On congressmen's term-lengths, which also follow an Erlang
distribution, they were spot on.

Indeed, one of the most impressive
things Dr Griffiths and Dr Tenenbaum have shown is the range of
distributions the mind can cope with. Besides Erlang, they
tested people with examples of normal distributions, power-law
distributions and, in the case of baking cakes, a complex and
irregular distribution. They found that people could cope
equally well with all of them, cakes included. Indeed, they are
so confident of their method that they think it could be
reversed in those cases where the shape of a distribution in the
real world is still a matter of debate.

To prove the point, they actually did
such a reversal in the case of telephone-queue waiting times.
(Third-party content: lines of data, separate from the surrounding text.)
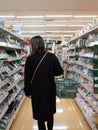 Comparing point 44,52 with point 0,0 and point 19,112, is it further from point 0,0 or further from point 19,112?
point 0,0

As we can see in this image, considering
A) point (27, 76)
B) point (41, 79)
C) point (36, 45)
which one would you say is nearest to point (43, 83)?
point (41, 79)

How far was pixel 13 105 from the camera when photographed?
194 inches

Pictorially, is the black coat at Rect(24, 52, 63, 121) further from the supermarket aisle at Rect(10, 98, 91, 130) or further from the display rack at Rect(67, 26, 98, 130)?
the supermarket aisle at Rect(10, 98, 91, 130)

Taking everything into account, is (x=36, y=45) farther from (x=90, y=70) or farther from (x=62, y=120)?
(x=62, y=120)

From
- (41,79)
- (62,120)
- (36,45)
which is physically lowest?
(62,120)

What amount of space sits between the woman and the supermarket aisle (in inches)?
54.5

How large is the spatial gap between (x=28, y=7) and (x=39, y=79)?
7.01m

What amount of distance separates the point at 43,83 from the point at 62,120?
2106mm

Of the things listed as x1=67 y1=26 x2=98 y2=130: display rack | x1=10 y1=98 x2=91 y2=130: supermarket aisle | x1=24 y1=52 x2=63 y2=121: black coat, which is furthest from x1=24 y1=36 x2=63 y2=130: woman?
x1=10 y1=98 x2=91 y2=130: supermarket aisle

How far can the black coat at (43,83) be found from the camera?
9.76ft

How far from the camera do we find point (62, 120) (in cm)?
477

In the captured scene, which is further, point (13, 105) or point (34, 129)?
point (13, 105)

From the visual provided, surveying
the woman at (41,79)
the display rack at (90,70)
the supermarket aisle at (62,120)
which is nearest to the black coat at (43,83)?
the woman at (41,79)

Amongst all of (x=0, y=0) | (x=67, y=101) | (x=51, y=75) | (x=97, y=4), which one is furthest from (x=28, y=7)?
(x=51, y=75) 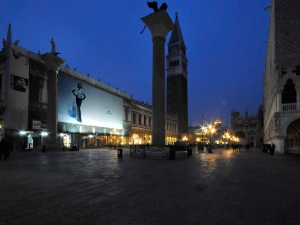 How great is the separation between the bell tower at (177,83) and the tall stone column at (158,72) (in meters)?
61.2

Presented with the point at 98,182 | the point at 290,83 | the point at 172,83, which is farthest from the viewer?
the point at 172,83

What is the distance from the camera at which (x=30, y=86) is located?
31.3 metres

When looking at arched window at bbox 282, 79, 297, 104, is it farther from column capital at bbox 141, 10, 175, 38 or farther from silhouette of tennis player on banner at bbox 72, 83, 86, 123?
silhouette of tennis player on banner at bbox 72, 83, 86, 123

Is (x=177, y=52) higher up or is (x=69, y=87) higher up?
(x=177, y=52)

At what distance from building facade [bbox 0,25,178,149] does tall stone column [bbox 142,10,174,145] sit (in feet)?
48.8

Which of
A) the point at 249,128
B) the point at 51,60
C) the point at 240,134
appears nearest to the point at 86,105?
the point at 51,60

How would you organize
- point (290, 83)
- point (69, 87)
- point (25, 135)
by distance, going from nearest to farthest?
1. point (290, 83)
2. point (25, 135)
3. point (69, 87)

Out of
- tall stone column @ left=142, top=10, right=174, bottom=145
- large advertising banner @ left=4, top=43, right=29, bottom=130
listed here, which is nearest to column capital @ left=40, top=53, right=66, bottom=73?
large advertising banner @ left=4, top=43, right=29, bottom=130

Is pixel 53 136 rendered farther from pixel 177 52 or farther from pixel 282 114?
pixel 177 52

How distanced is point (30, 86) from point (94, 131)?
13.6 m

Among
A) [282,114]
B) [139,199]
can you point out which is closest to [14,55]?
[139,199]

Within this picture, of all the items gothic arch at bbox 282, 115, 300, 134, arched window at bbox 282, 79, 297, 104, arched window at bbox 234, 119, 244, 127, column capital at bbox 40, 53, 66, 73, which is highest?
column capital at bbox 40, 53, 66, 73

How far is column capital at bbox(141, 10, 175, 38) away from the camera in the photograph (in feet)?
56.9

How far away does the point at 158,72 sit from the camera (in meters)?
17.8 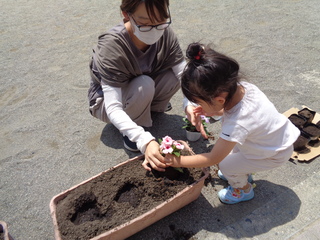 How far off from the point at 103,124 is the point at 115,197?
3.72 ft

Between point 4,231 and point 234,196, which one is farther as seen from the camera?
point 234,196

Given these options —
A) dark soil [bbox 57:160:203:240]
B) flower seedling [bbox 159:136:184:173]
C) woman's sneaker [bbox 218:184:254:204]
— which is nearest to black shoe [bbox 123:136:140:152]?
dark soil [bbox 57:160:203:240]

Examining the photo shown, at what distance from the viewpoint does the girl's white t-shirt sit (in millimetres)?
1566

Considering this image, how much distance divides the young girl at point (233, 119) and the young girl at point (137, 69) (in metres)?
0.40

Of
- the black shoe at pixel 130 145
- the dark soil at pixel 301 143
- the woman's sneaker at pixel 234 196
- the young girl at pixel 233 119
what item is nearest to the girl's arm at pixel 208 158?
the young girl at pixel 233 119

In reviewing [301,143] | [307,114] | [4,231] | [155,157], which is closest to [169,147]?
[155,157]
Traditionally, these have been assumed to follow a Poisson
distribution, but some recent research suggests they actually
follow a power law. Analysing the participants' responses
suggests that a power law, indeed, it is.
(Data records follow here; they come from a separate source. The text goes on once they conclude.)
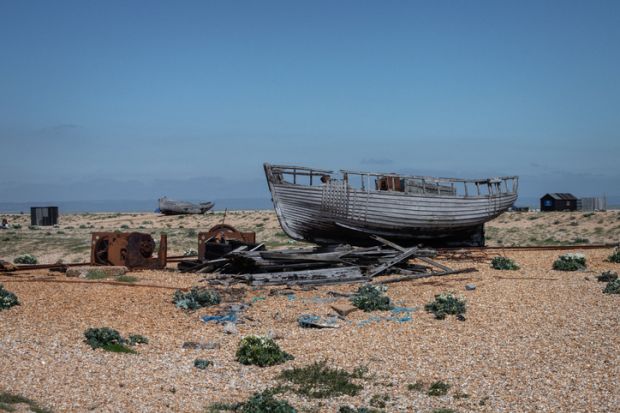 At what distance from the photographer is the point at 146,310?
1650cm

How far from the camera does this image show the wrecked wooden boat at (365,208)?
2602cm

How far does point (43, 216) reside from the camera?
66875mm

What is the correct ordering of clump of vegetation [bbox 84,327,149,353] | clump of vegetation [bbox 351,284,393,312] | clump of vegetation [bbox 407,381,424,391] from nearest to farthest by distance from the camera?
clump of vegetation [bbox 407,381,424,391], clump of vegetation [bbox 84,327,149,353], clump of vegetation [bbox 351,284,393,312]

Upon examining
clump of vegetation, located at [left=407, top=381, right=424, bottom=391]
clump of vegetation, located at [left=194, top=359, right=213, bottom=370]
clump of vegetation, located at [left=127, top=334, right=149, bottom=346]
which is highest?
clump of vegetation, located at [left=127, top=334, right=149, bottom=346]

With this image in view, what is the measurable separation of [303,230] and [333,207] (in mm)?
1820

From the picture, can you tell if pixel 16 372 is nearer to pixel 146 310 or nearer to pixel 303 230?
pixel 146 310

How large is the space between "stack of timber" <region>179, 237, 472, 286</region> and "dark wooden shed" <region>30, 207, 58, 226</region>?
158ft

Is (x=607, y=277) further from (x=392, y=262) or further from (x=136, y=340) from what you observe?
(x=136, y=340)

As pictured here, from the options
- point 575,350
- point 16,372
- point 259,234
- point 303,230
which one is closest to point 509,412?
point 575,350

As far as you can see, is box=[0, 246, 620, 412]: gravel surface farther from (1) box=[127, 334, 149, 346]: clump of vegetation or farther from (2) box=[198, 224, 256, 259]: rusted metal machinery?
(2) box=[198, 224, 256, 259]: rusted metal machinery

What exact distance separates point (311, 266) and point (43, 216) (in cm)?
5263

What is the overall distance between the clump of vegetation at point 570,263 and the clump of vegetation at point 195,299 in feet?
41.9

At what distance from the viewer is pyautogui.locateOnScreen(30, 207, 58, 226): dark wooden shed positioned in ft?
217

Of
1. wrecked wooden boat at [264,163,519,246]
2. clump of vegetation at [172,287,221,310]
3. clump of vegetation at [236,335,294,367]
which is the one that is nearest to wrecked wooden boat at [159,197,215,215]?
wrecked wooden boat at [264,163,519,246]
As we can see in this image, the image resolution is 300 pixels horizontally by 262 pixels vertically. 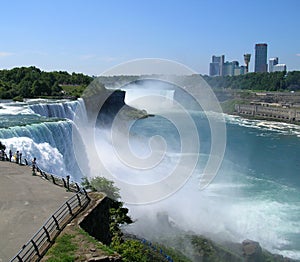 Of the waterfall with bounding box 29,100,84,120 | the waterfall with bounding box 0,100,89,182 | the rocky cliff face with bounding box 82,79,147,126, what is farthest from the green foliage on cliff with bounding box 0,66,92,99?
the waterfall with bounding box 0,100,89,182

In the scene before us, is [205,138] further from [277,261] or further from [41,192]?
[41,192]

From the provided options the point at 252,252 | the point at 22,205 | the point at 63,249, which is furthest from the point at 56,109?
the point at 63,249

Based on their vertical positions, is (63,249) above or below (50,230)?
below

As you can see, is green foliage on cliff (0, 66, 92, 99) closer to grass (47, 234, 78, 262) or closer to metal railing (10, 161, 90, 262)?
metal railing (10, 161, 90, 262)

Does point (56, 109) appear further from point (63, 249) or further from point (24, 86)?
point (63, 249)

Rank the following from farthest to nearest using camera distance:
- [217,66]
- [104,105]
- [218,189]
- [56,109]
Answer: [217,66]
[104,105]
[56,109]
[218,189]

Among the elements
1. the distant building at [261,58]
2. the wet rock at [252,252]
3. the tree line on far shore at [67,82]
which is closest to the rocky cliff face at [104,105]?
the tree line on far shore at [67,82]

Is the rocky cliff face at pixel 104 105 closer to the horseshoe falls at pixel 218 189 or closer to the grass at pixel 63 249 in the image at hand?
the horseshoe falls at pixel 218 189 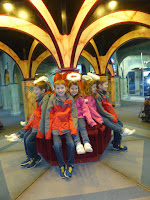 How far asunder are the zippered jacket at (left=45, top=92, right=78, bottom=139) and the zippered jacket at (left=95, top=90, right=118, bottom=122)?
0.72m

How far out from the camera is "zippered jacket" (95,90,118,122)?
362 centimetres

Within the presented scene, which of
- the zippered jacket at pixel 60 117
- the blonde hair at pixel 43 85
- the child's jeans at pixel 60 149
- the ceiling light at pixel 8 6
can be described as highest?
the ceiling light at pixel 8 6

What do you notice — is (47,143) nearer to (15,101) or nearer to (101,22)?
(101,22)

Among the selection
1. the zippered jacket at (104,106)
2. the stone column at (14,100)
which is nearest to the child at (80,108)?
the zippered jacket at (104,106)

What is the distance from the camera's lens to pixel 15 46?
8.29 meters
How the priors are themselves
constructed in the mind has yet to be investigated in detail.
Obviously they are learned by experience, but the exact process
is not properly understood. Indeed, some people suspect that the
parsimony of *Bayesian* reasoning leads
occasionally to it going spectacularly awry, with whatever
process it is that forms the priors getting further and further
off-track rather than converging on the correct distribution.